Abstract
Thirty-five years after it was first described, antiphospholipid syndrome (APS) is unanimously recognized as a systemic autoimmune disease, a major acquired thrombophilia, which can affect any arterial or venous vascular territory, explaining the great diversity of clinical manifestations. The current classification criteria updated in the International Consensus Statement for Definite Antiphospholipid Syndrome from Sydney cannot explain alone the unpredictable evolution with thrombotic events of the patients diagnosed with APS. Although the link to genetics and epigenetics has not been clearly defined as in other autoimmune diseases, it is clear that a proper stratification of thrombotic risk in the era of personalized medicine must include classic biological markers (antiphospholipid antibodies, aPL), along with the already recognized phenotypes, non-conventional serological markers, and additional genetic risk factors for thrombosis. Moreover, with advancing age, a patient with APS develops other thrombotic risk factors which include: hypertension and dyslipidemia among others. According to the classification criteria, a patient is considered to have a low, moderate or high thrombotic risk. In clinical practice, patients with the same risk score may have completely different evolutions in terms of the recurrence of thrombosis. Concerning this approach, it appears that new non-conventional serological markers, phenotype-assessment and genetic determinants have an increasing importance and should be reconsidered in a proper thrombotic risk evaluation in patients with APS, compared to the initial concept of APS as first defined.

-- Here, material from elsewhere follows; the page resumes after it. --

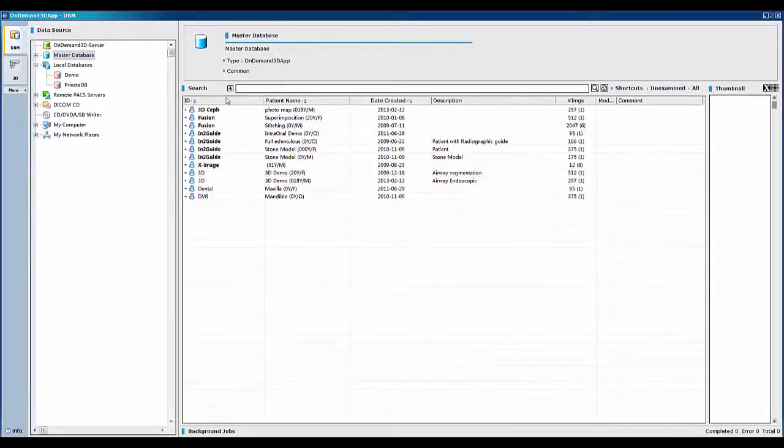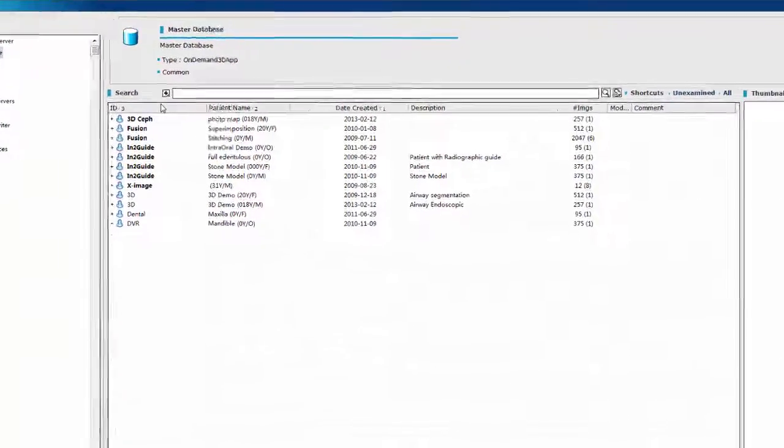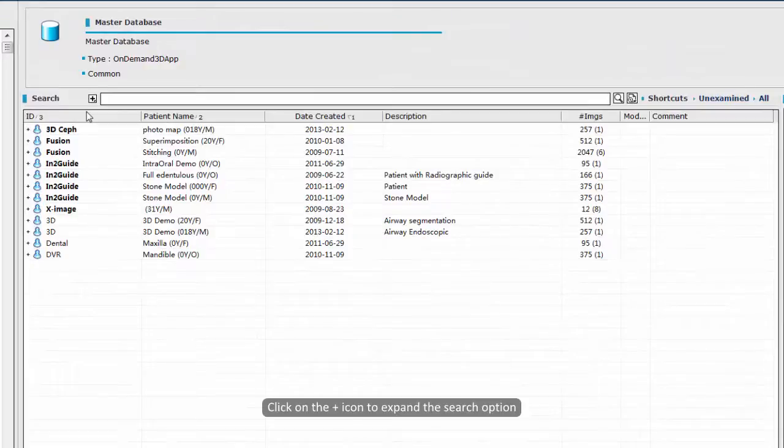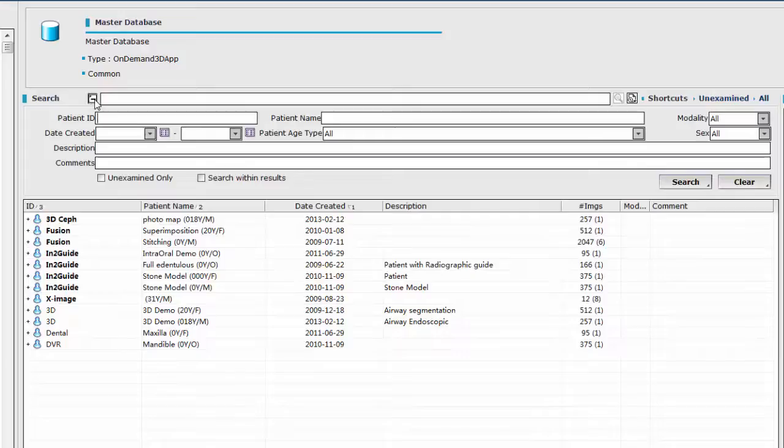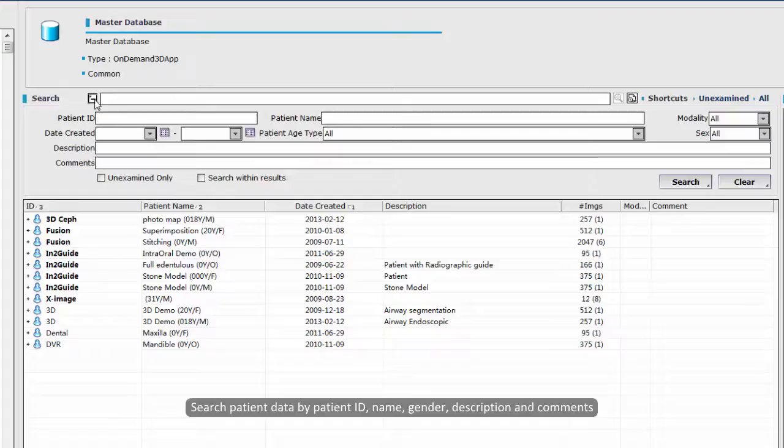Do you have too many data and would like to search through it easily? First, we will show you a few simple methods to simplify the data search process. Click on the cross icon to expand the search option. You can search patient data by patient ID, name, gender, descriptions, and comments.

Keywords: antiphospholipid syndrome, antiphospholipid antibodies, thrombosis, risk assessment, anticardiolipin antibodies, lupus anticoagulant, anti-β2 glycoprotein-1 antibodies
1. Introduction
Thirty five years after it was first described, antiphospholipid syndrome (APS) is unanimously recognized as a systemic autoimmune disease, a major acquired thrombophilia, which can affect any arterial or venous vascular territory, explaining the great diversity of clinical manifestations (1,2). Patients with APS are at a high risk for developing thrombotic arterial, venous and obstetric complications (recurrent pregnancy loss). The diagnostic criteria include the presence of any of the clinical criterion mentioned above plus at least one laboratory criterion out of three possible antiphospholipid antibodies (aPLs): i) IgG and IgM anticardiolipin (aCL) at a titer >40 IU/ml; ii) lupus anticoagulant (LA); iii) anti-β2glycoprotein-1 antibodies (aβ2GPI). Medium/high titer of aCL/aβ2GPI has been defined as >99th percentile. Low-titer aCL/aβ2GPI positivity (>95th to <99th percentile) is considered positive for obstetric but not for thrombotic APS (1,2).

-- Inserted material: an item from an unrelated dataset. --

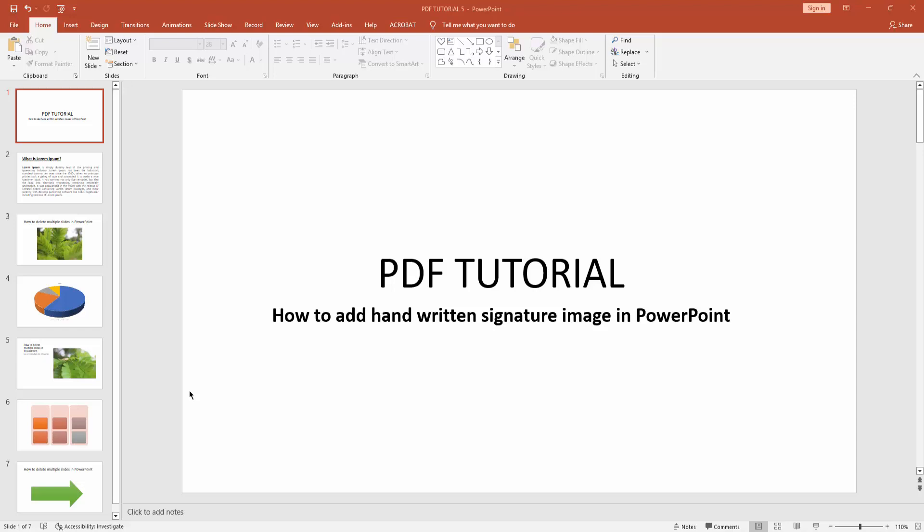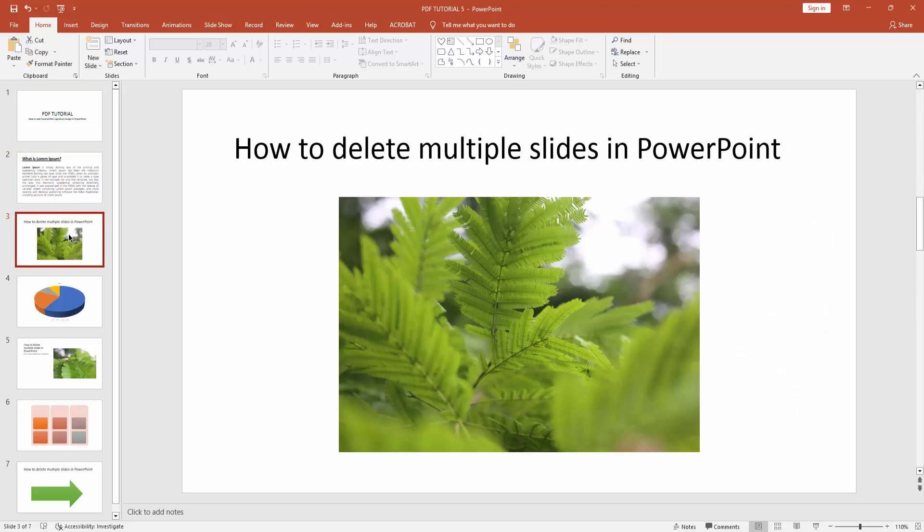Hello friends, welcome back to another video. In this video, I'm going to show you how to add a handwritten signature image in PowerPoint. Let's get started. First, you have to open a PowerPoint presentation.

Thrombotic risk assessment in patients with APS is essential for establishing an appropriate treatment for the primary and secondary prophylaxis of arterial or venous and obstetrical thrombotic events which define the clinical picture. In the assessment of the thrombotic risk, the role of classical serological markers is limited. Galli et al (3) proposed three major modifications: implementing strict guidelines for the performance of LA assays, excluding aCL assays from the criteria, despite the fact they are currently used and, restricting the measurement of aβ2GPI antibodies to IgG. Efforts to standardize antiphospholipid antibody assays have been reported (3-8).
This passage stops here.